Les animaux utilisés lors de ces formations de chirurgie proviennent de nos élevages sur site. Les conditions d’hébergement, d’abreuvement et d’alimentation permettent de couvrir les besoins des animaux en conditions d’élevage porcin (conventionnel et mini-porc). Les animaux, qui font l’objet d’une surveillance quotidienne par du personnel habilité, sont hébergés en groupe avec des densités et des tailles de compartiment conforme à l’arrêté du 1er février 2013 fixant les conditions d’aménagement des établissements utilisateurs, éleveurs ou fournisseurs d’animaux utilisés à des fins scientifiques. La formation réalisée reposera sur l’expertise de chirurgiens spécialisés en chirurgie viscérale et digestive, en urologie, en gynécologie et en chirurgie viscérale pédiatrique, et de médecins interventionnels experts (gastroentérologues) en collaboration avec des personnels scientifiques et techniques formés à l’expérimentation animale et à la chirurgie sur modèle porcin. L’anesthésie et l’analgésie durant les interventions ont été conçues pour supprimer la douleur induite par une chirurgie et la manipulation des viscères.

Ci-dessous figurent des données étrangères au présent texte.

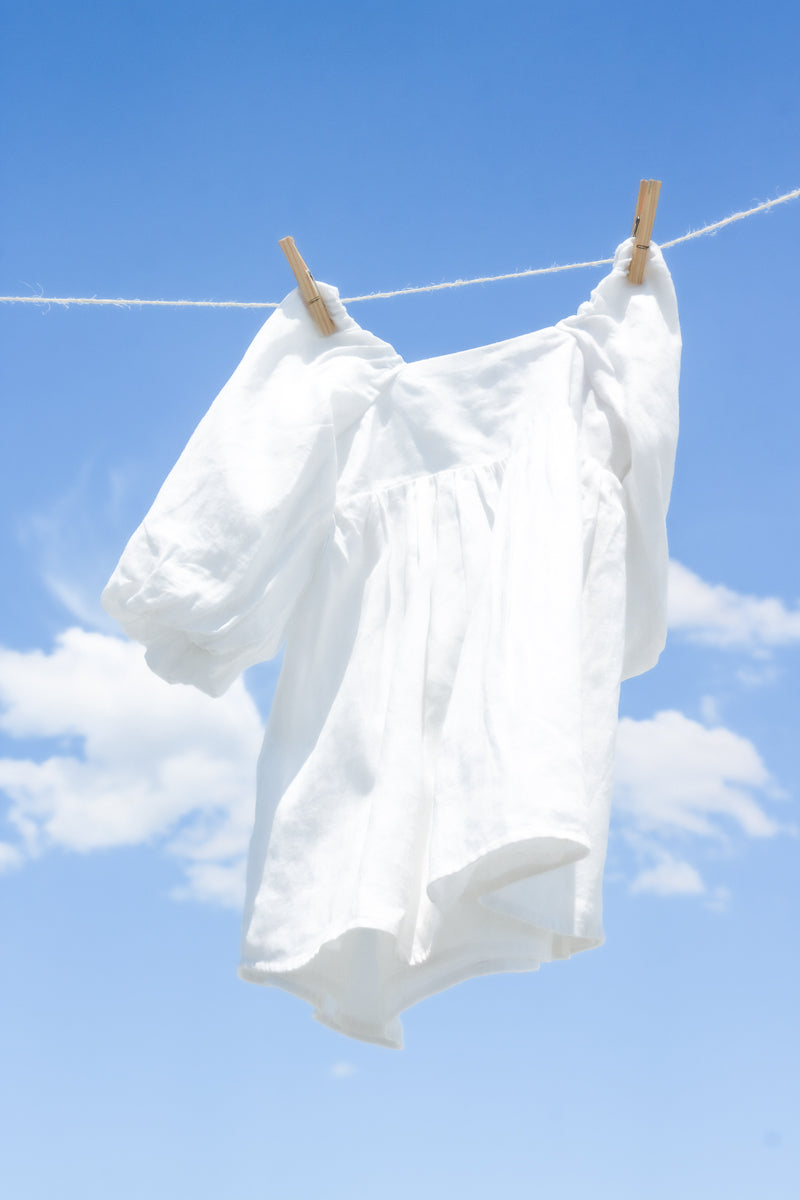 White breathable natural linen dress for girls by Fiamma Studio, hanging on the string with blue sky in the background.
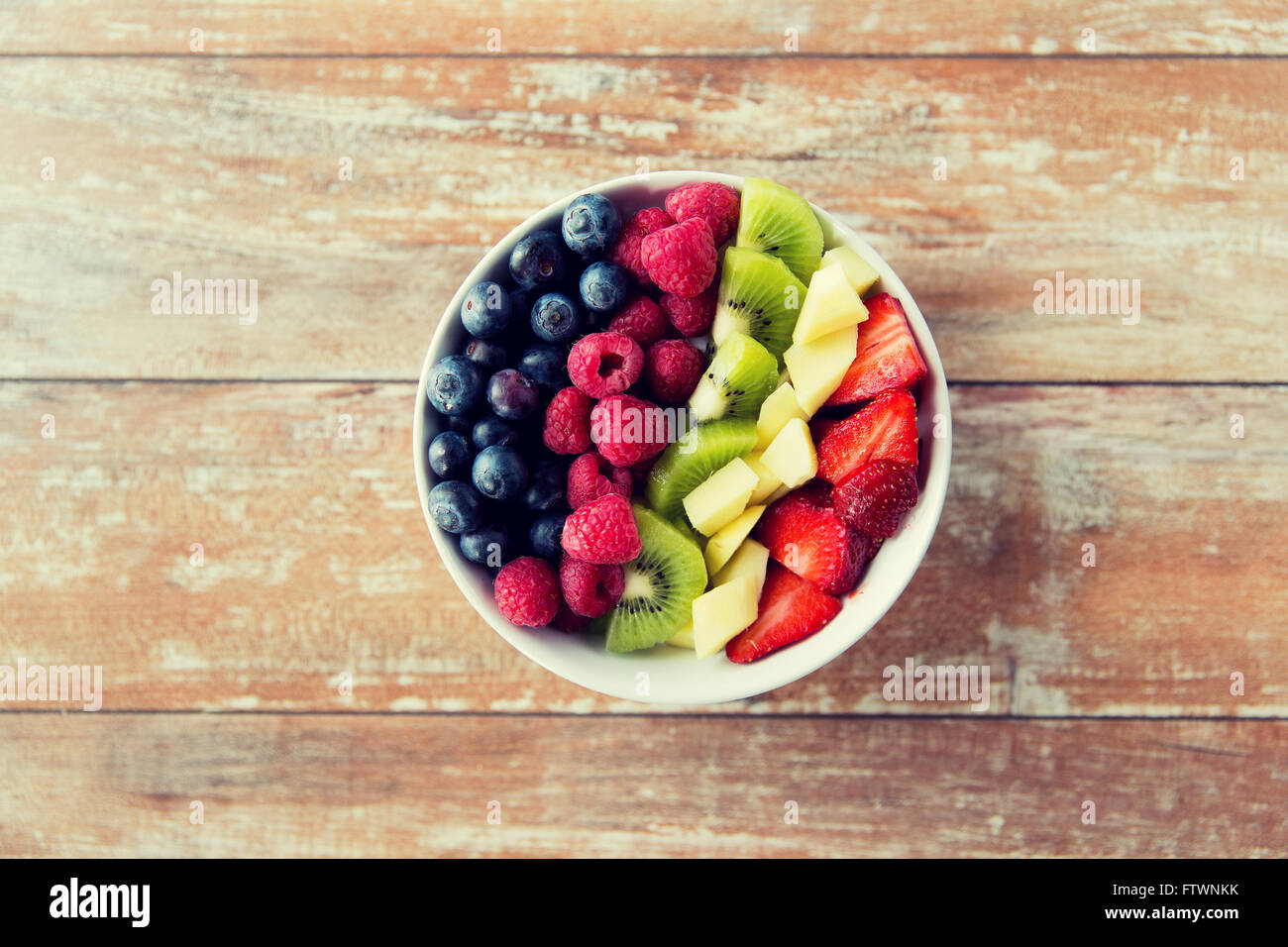 Nahaufnahme von Früchten und Beeren in Schüssel auf Tisch Stockfoto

Expliquer le choix des espèces et les stades de développement y afférents.

Le porc est l’espèce modèle la plus utilisée en chirurgie expérimentale à visée humaine. L’anatomie générale du porc ainsi que la taille et la conformation des différents organes internes sont très proches de celles de l’Homme. Le porc représente donc un modèle de prédilection pour l’apprentissage de gestes chirurgicaux qui sont réalisés sur des patients humains dans le cadre d’interventions classiques en chirurgie. Les animaux sélectionnés seront des porcs conventionnels juvéniles de 30 à 40 kg car ce poids permet de disposer d’animaux avec des organes internes dont la taille se rapproche le plus de celle observée chez l’Homme. Des miniporcs de race Yucantan pourront aussi être utilisés pour ces mêmes raisons. Le choix se fera en fonction des disponibilités car les animaux choisis seront préférentiellement des animaux destinés à la réforme.